Vestigio imborrable
En principio, el sacrilegio manifiesto que supone tocar lo intocable, adentrarse en territorio prohibido (por inmejorable), ofrecer una nueva versión de la mítica La huella (Joseph Leo Mankiewicz, 1972), se ve atemperado por la estruendosa nómina al frente del nuevo proyecto: Michael Caine repite película pero no papel (esta vez se adentra en el que Laurence Olivier interpretó en la pieza original); el habitualmente magnífico Jude Law recoge el personaje más joven (el de Caine en la primera versión); el tan discutido como solvente Kenneth Branagh se hace cargo de la dirección, y, sobre todo, el premio Nobel de Literatura Harold Pinter se atreve a modernizar un guión que Anthony Shaffer, basándose en su propia obra teatral, convirtió en prodigio de graduación, sorpresa y reflexión.
LA HUELLA
Dirección: Kenneth Branagh. Intérpretes: Michael Caine, Jude Law. Género: intriga. RU, 2007. Duración: 86 minutos.

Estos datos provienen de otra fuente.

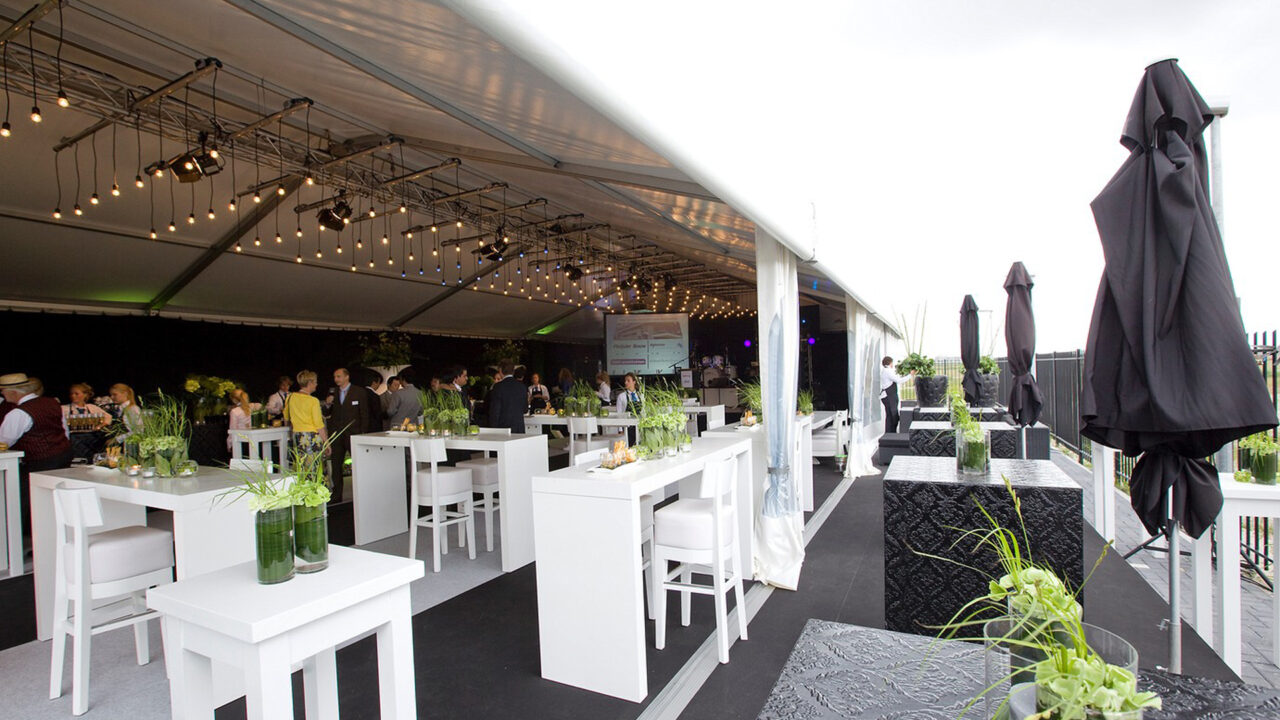 Eventlocation für Firmenjubiläum - Firmenfeiern in Zelten, Paogden und Zelthallen von Intersettle Zeltverleih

La primera secuencia, con la llegada del personaje joven a la mansión del viejo y un diálogo completamente nuevo acerca del tamaño de sus respectivos automóviles, hace presumir que Pinter ha recogido el testigo con maestría y originalidad. Sin embargo, poco a poco la decepción se va imponiendo sobre el innegable interés de la temática. Una historia que, al que coja desprevenido (es decir, con absoluto desconocimiento de la primera versión), es posible que seduzca durante (al menos) dos tercios de metraje. A saber: la lucha dialéctica de un par de personajes en un escenario único con una mujer de por medio (la esposa del mayor y amante del joven). Sin embargo, La huella es mucho más que la contienda por una mujer, es un frente abierto en torno a la moderna lucha de clases, un perverso tratado sobre la humillación y una malsana representación sobre el gran teatro que es la vida.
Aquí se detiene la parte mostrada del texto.